カタロニアのサラゴサにある聖母マリアの聖地、ヌエストラ=セニョラ・デル・ピラル(柱の聖母)への巡礼のメダイ。材質は真鍮またはブロンズに金めっきを施しています。
直径1センチメートルの小さな円形メダイには、バシリカを背景にしたヌエストラ=セニョラ・デル・ピラルが浮き彫りにされています。聖母は後光と一体化した巨大な冠を頭上に戴き、聖母の左腕に抱かれた幼子イエズスも小さな冠を戴いています。聖母の下半身から柱頭にかけての部分は、ふだん円錐台形のマントに覆われていますが、このメダイでは全身が露出しており、聖母子の全身を目にすることができます。
このメダイは巡礼者が胸ポケットに取り付けられるように、上部にクリップを備えています。クリップ部分では二本の赤い帯が黄色の帯を挟んでいますが、これは「ロヒグアルダ」(rojigualda)
と愛称されるスペイン国旗の配色であり、スペインとスペイン系の諸国民の守護聖女であるヌエストラ=セニョラ・デル・ピラルに、いかにもふさわしいデザインです。

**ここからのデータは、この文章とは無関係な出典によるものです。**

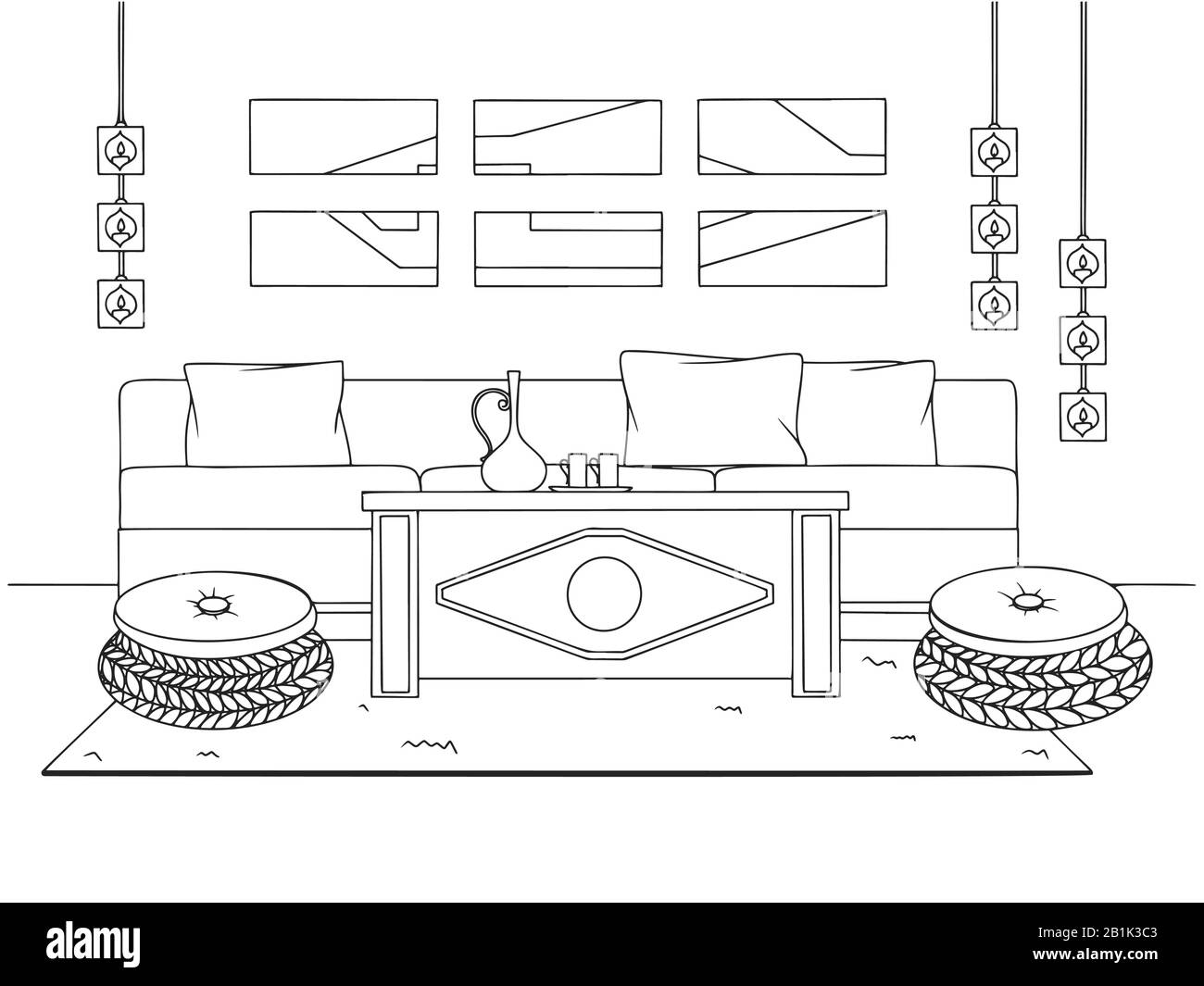 Skizzieren Sie ein gemütliches Wohnzimmer im Boho-Stil. Sofa, Tisch und verschiedene Dekorelemente. Vektorgrafiken im Skizzenstil. Stock Vektor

1946年6月24日、教皇ピウス12世により、ヌエストラ=セニョラ・デル・ピラル聖堂は小バシリカとされました。このメダイはその頃から1950年代頃にかけて製作されたものであろうと思われます。数十年前のものであるにもかかわらず、保存状態はたいへん良好で、表面の金めっきもまったく剥がれていません。鋳造当時のままのコンディションです。